El 2024 termina con una realidad innegable: México tiene una Constitución esencialmente distinta a la que regía la vida nacional hasta hace apenas unos meses, antes de septiembre. Las reformas constitucionales impulsadas desde el Ejecutivo han modificado aspectos fundamentales de nuestro sistema político, jurídico y social. Sus primeros efectos comenzarán a materializarse en 2025 y sus consecuencias definitivas marcarán el rumbo del país en los próximos años.

En su primer periodo ordinario de sesiones, la LXVI Legislatura del Congreso de la Unión se dedicó casi exclusivamente a procesar y aprobar las iniciativas de reforma constitucional propuestas por el expresidente López Obrador: de las 18 iniciativas presentadas en febrero pasado, fueron aprobadas doce y tres se encuentran en proceso, junto con dos propuestas adicionales de la presidenta Sheinbaum –una publicada y otra por publicarse– y una iniciativa conjunta de los líderes parlamentarios de la mayoría. Esta avalancha de reformas no debe confundirse con productividad legislativa; en realidad, refleja la imposición de una agenda unilateral que ignoró sistemáticamente las voces de la pluralidad política.

Las reformas aprobadas pueden dividirse en dos grupos claramente diferenciados. El primero, y más preocupante, tiene como objetivo la concentración del poder en el Ejecutivo y sus mayorías parlamentarias. Con ese propósito, los recientes cambios constitucionales y legales han anulado o desmantelado la mayoría de los contrapesos democráticos. Se limitaron las facultades del Poder Judicial para controlar las decisiones mayoritarias y la supuesta elección popular de jueces augura una generación de juzgadores militantes, o al menos mucho más vulnerables ante presiones políticas.

Se confirmó el carácter militar de la Guardia Nacional y se amplió –una vez más– la prisión preventiva oficiosa, ambas reformas con cargo al régimen de derechos y libertades fundamentales. También se consumó la eliminación de órganos autónomos. La transparencia, la protección de datos, la competencia económica y la regulación de los sectores de energía y telecomunicaciones, junto con otras funciones especializadas, regresan a dependencias sujetas a dinámicas político-electorales. Estas modificaciones representan un importante retroceso en nuestra arquitectura institucional; pero, sobre todo, en términos de las herramientas que tenemos para ejercer efectivamente nuestros derechos.

El segundo grupo de reformas, que merece un reconocimiento mucho más positivo, se concentró en la ampliación de los derechos sociales, así como la protección de grupos en situación de vulnerabilidad. Con esos objetivos, se fortaleció el régimen de derechos de los pueblos indígenas; se constitucionalizaron medidas para garantizar la igualdad sustantiva entre hombres y mujeres; se establecieron garantías de apoyo económico para distintos sectores sociales; y se amplió el acceso a la vivienda para los trabajadores.

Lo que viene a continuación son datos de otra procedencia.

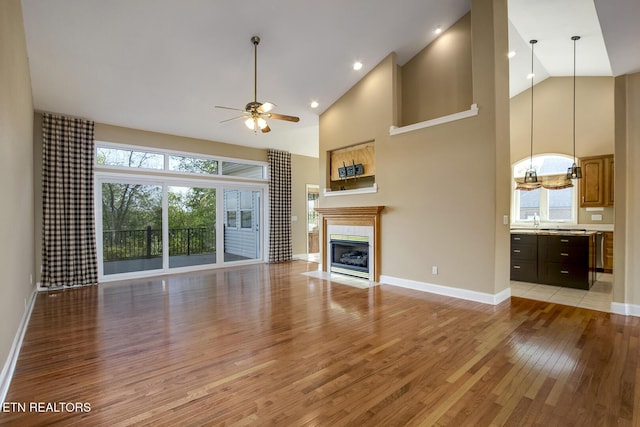 304 Coweta Ct, Loudon, TN 37774 - unfurnished living room featuring a tiled fireplace, a ceiling fan, light wood finished floors, and baseboards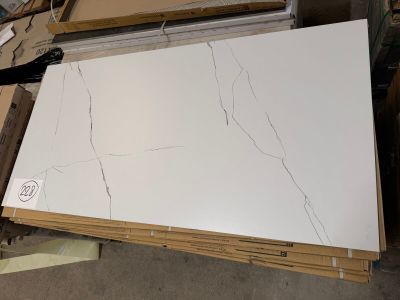 a lot of white marble slabs on the floor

Sin embargo, el balance legislativo del año que culmina es por demás preocupante. Si bien algunas reformas representan avances sustantivos en materia de derechos, el contenido de las modificaciones más sustantivas –y la forma en que se han aprobado– evidencia el debilitamiento de los contrapesos institucionales, el talante antidemocrático del oficialismo y la concentración excesiva del poder. La nueva configuración constitucional, impuesta por una mayoría que se niega a construir consensos, ofrece el sustento jurídico para consolidar la regresión autoritaria.